Rest in Peace, Mr. Grand Ole Opry
Today is a sad day in the world of country music, and in the hearts of many fans. Another legend passed away on Sunday night, Mr. Porter Wagoner. Country will never be the same.
As countless tributes and memorials will be forthcoming over the next week, and as many already have, I’m going to take a different path with mine. I loved the music Porter gave us, and I can’t count the smiles he out on my face sitting in the audience at the Opry. His legacy stands for itself, and will forever. I’m going to take this a different route, one that I think he’d approve of, though he’d never have said this himself.
I’m tired.
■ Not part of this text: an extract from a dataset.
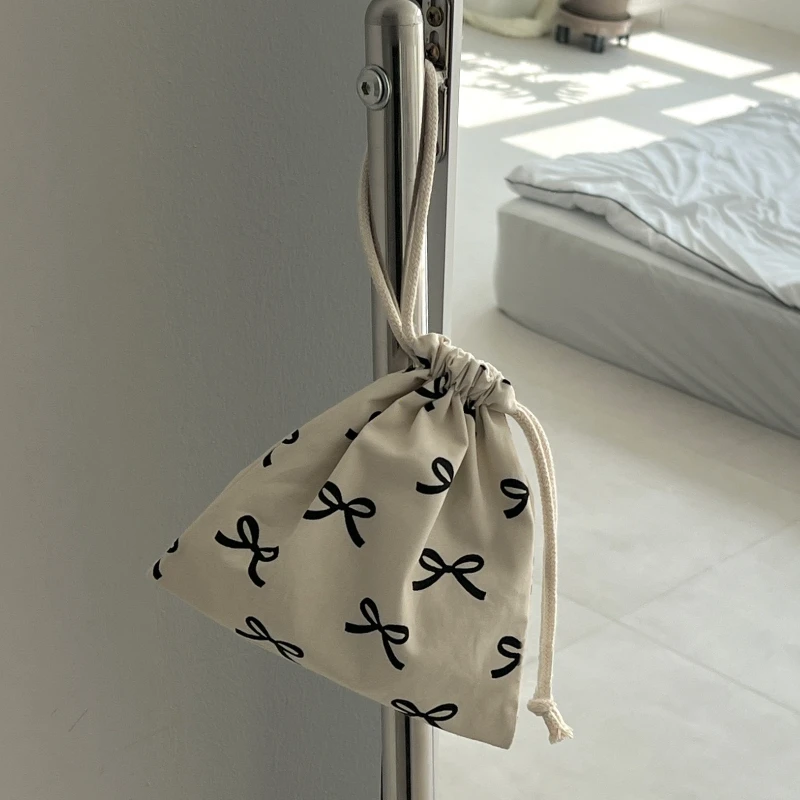 mini sac à cordon rayé avec nœud papillon, pochette de rangement de cosmétiques, portefeuille pour femmes, mini pochette à ficelle kawaii, mini sac de rangement pour filles mini sac à cordon rayé avec nœud papillon, pochette de rangement de cosmétiques, portefeuille pour femmes, mini pochette à ficelle kawaii, mini sac de rangement pour filles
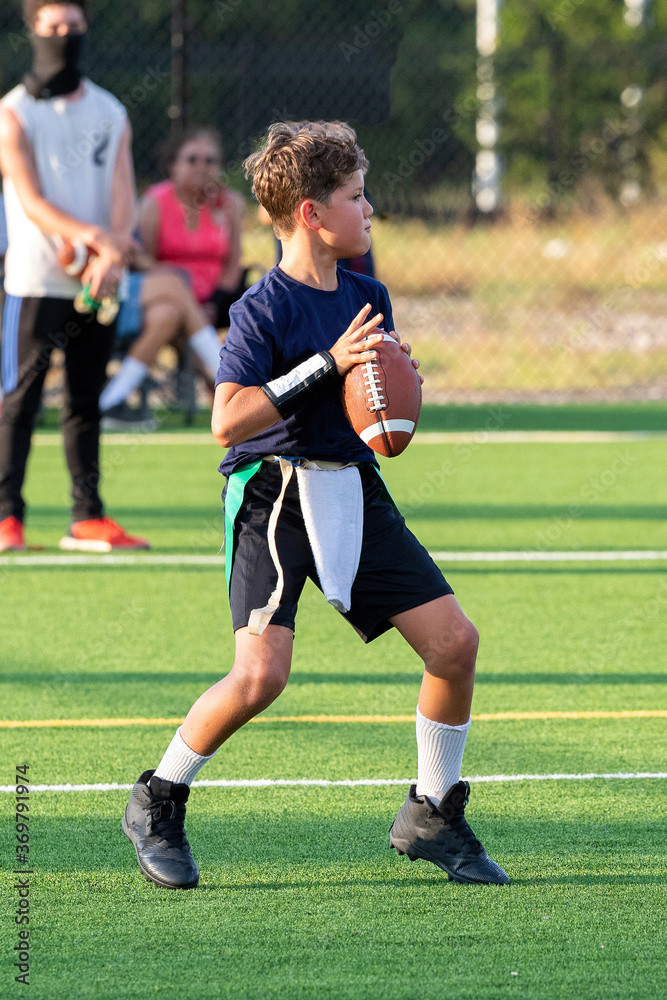 Obraz premium Young athletic boy playing in a flag football game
I’m embarrassed. And I’m ashamed. We should all be. Again, we got too busy, too driven by success, and we forgot. We forgot about Porter, the same way we forgot about Johnny, the same way we forgot about Buck. Porter Wagoner was an institution in country music. Recently, his 50 years as a cast member of the Grand Ole Opry was celebrated. He released his final album, Wagonmaster, and what I believe will be his enduring single, Comitted to Parkview. And we hardly noticed. If CMT and country radio is your connection to country music, then you probably didn’t notice at all. Save the sites that have vision and roots, the coverage was minimal. Same for Buck and Johnny. Same for Waylon. Tammy. I could go on and on. We concentrate on the here and now so much, that we forget we have a past. A past filled with icons, without whom we would not be where we are today.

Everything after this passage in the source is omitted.